On one hand, Columbus Day often means a day off work or school in the name of a ship captain who made an early trip from Europe to North America. On the other hand, it’s a state celebration of a brutal genocide, painful colonization, and continuing discrimination against Indigenous people.
That’s why, in 1990, South Dakota replaced the annual glorification of Christopher Columbus with celebrations of Native American heritage and culture. Two years later, Berkeley, California, became the first city to adopt Indigenous Peoples’ Day. In the time since, a sprinkling of cities began dropping Columbus Day and replacing it with Indigenous Peoples’ Day. Last year, the movement exploded and more than 20 states, cities, counties and college campuses jumped on the bandwagon.
The movement is growing. At least 17 jurisdictions, from Yakima, Washington to Belfast, Maine, agreed to celebrate Indigenous Peoples Day on the second Monday of October. The most recent additions include Phoenix, Arizona and Vermont.

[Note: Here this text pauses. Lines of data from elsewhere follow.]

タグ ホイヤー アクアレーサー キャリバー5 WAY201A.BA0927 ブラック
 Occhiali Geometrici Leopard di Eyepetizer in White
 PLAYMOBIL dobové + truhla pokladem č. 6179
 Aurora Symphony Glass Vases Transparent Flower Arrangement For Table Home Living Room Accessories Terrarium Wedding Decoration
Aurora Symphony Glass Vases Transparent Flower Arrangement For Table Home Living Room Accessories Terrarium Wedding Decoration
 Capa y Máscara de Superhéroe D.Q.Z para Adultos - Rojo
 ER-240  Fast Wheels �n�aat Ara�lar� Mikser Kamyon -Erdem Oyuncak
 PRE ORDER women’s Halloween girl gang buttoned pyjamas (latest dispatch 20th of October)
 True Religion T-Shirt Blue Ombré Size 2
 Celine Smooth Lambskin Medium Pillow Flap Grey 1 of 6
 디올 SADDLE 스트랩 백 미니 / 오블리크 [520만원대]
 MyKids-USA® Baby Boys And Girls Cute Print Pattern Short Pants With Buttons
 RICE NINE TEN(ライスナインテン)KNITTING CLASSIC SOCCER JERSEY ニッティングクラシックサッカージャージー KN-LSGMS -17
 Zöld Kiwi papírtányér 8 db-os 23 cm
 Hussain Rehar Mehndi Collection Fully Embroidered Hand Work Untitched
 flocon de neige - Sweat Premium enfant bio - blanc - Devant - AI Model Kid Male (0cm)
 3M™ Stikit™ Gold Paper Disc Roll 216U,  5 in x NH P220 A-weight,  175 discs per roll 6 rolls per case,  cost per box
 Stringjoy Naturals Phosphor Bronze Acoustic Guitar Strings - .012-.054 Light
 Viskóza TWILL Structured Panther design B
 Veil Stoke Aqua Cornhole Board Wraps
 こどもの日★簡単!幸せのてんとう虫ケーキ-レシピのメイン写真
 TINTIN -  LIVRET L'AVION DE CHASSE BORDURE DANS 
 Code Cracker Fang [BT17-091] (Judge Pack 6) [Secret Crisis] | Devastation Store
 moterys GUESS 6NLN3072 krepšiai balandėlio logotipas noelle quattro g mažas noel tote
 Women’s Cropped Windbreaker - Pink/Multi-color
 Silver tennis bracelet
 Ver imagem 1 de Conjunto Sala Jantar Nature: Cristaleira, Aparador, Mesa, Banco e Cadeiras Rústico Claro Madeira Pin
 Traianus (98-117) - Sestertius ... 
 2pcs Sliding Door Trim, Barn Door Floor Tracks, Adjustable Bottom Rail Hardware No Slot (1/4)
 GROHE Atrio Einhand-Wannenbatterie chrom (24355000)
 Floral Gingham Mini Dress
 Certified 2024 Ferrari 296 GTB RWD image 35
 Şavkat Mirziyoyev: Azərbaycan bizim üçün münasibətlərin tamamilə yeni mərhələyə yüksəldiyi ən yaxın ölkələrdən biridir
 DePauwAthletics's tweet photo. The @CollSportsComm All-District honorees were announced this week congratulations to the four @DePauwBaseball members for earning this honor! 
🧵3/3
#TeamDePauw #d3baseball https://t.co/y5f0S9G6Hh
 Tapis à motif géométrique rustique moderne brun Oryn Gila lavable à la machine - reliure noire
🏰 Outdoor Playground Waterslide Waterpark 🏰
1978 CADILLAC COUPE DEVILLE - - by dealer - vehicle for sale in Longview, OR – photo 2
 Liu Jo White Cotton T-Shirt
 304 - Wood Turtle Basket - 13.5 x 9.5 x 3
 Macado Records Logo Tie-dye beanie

There’s no doubt it’s often a political move — officials in several cities and municipalities are careful to clarify that their adoption of Indigenous Peoples’ Day doesn’t mean they’re ditching Columbus Day. In April, the city of Evanston, Illinois said they would replace Columbus Day with Indigenous Peoples’ Day on the calendar this year. Last week, Mayor Elizabeth Tisdah (D) set the record straight: “I gather that some cities have held Indigenous Peoples’ Day instead of Columbus Day,” she told local reporters. “But we are not replacing it on that day.”
Still, it’s a sign that activism works. In Evanston’s case, the Chicago-area Mitchell Museum of the American Indian worked to make the change, however limited, happen. Student activists took the lead in Durango, Colorado, where the city council adopted a resolution written by a Fort Lewis College student and young Navajo activist student Ruthie Edd.
Inspired by her success, Colorado Rep. Joe Salazar (D) introduced a similar motion to the state legislature in January. The legislation was killed a few months later by the House State, Veterans and Military Affairs Committee. The past month has seen similar initiatives fail in Cincinnati, Oklahoma City, and elsewhere.
That didn’t stop Boulder, Colorado’s city council from unanimously adopting Indigenous Peoples’ Day in August, recognizing that Boulder “has benefited directly from Indian removal policies that violated human rights.”
It’s no exaggeration. Before the vote, a local historian explained how tens of thousands of white gold prospectors drove virtually all the land’s native people away from the area in the 1850s. A decade later, the Colorado Territory militia killed an estimated 230 Arapaho and Cheyenne Indians who remained in the region.
Historians have fairly detailed accounts of the Sand Creek Massacre. But the record can’t encompass the exploitation of Native Americans during the time of Columbus, who is largely still presented in U.S. schools as a heroic explorer. Untold numbers of indigenous people were wiped out by unfamiliar disease, brutalized, forced into slavery and forced to convert to Christianity because of colonization.
Native American communities have spent decades pushing to end the lionization of Columbus — and instead focus on the needs of indigenous communities.
“We’ve been here for hundreds of thousands of years, and we’ve been shy about telling our own story,” said Tribal Chairman Reyn Leno of the Confederated Tribes of Grande Ronde in Portland, Oregon, which adopted Indigenous Peoples Day after more than 60 years of tribal advocacy. “I think that has led the public to have a lot of interest in what we do.”